Because of the massive amount of data provided by the "Quick, Draw!" dataset, data must be ingested and prepared in certain ways to prevent memory overflows. Tensorflow provides the tf.data.Dataset class, which serves to represent any arbitrary data to be passed into other Tensorflow methods. This Dataset class can be constructed in a way to use an iterator to hide the implementation of data retrieval as well as allow for a theoretically infinite amount of data to be retrieved. To build this class in this program, we use a Javascript generator function to natively create an iterable function. An example of this can be in the code snippet seen below:

async * dataGenerator () {
    while (this.sampleNum < this.numSamples) {
        const line = await this.it.next()
        const obj = JSON.parse(line.value)
        const val = { xs: tf.tensor3d(drawingToPixels(obj.drawing)), ys: tf.tensor1d(this.labelArray(getSketchLabelValue(obj.word))) }

        if (this.sampleNum++ === this.numSamples) { return val }
        yield val
    }
}

load () {
    return tf.data.generator(this.dataGenerator.bind(this))
}

Usage

First, download the sketches you wish to use to train the model to a directory named sketches/. The data is in the form of .ndjson files and can be downloaded from Google Cloud Storage.
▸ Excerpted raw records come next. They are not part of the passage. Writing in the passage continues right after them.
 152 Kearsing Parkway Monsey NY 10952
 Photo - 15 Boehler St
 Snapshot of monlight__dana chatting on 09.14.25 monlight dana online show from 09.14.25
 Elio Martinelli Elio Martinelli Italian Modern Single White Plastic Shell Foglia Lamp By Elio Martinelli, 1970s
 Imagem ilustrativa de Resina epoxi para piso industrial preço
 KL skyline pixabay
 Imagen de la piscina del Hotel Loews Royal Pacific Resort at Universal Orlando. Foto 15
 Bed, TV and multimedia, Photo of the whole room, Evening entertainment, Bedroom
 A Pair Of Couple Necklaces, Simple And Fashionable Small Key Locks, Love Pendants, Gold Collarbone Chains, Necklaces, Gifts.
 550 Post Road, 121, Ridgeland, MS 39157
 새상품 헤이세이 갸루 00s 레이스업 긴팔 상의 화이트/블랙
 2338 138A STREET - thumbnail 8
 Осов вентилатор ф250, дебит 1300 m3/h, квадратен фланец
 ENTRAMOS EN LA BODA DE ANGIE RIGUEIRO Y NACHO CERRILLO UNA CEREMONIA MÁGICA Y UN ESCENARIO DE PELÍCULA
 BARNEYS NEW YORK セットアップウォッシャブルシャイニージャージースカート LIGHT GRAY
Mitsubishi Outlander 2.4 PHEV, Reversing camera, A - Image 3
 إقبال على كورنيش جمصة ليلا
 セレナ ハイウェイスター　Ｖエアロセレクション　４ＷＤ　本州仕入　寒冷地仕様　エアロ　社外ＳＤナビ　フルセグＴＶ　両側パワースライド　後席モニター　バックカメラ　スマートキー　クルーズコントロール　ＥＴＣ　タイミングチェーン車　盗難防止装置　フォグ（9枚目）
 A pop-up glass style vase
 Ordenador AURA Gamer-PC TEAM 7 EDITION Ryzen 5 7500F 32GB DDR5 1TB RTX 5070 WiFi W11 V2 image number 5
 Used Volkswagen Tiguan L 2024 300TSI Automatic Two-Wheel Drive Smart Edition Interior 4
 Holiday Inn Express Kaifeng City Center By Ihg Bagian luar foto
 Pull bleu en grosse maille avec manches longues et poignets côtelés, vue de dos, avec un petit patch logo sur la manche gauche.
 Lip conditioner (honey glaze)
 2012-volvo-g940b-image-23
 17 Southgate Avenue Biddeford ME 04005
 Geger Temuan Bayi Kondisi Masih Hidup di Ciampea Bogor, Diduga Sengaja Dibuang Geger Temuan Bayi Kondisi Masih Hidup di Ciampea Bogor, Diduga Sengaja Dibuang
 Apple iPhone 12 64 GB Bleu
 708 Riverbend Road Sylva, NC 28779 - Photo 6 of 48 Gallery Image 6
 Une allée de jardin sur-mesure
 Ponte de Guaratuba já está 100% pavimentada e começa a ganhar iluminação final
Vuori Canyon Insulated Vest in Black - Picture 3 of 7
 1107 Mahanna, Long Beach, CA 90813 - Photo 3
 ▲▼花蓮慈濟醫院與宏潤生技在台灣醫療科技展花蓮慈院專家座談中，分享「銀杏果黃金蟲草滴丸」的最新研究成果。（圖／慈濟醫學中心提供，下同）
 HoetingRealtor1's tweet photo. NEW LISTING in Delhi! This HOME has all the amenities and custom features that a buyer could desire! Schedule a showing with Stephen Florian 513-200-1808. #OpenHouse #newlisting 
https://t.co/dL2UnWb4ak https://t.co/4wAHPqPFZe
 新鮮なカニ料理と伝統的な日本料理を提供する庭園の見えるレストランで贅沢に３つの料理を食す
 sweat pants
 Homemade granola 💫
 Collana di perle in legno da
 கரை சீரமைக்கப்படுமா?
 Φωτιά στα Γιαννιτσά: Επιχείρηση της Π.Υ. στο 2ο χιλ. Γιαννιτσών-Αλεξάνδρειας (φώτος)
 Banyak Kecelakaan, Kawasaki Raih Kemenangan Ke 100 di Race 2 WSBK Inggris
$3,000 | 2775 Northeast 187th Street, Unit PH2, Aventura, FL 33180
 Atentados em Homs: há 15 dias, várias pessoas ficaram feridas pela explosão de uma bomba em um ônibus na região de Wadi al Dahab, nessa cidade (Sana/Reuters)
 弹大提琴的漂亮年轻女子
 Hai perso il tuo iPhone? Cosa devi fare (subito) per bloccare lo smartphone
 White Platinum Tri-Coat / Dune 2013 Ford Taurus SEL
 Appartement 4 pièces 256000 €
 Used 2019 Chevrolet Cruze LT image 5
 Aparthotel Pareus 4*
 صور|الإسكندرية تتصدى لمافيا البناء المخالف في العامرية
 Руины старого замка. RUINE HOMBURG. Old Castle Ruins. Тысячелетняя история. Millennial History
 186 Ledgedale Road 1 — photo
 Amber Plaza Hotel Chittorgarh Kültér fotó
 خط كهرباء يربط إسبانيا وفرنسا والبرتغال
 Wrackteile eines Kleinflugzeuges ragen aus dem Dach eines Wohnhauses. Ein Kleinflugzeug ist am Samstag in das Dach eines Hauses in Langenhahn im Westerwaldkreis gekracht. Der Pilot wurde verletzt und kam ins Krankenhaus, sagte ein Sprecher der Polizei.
Then, you must prepare the drawings into a single dataset file. This can be done with the prepare.js script:

> node prepare.js

This will create train_data.ndjson containing shuffled records from every dataset in sketches/. Now, you may run the training script with:

> node train.js

Tensorflow will output the training progress throughout the execution of the script. When the model has reached a satisfactory accuracy, you may predict a single random image from the sketches/ directory using the following command:

> node predict.js

This script will output the probability of each label and also save the random drawing to image.png so you may view it.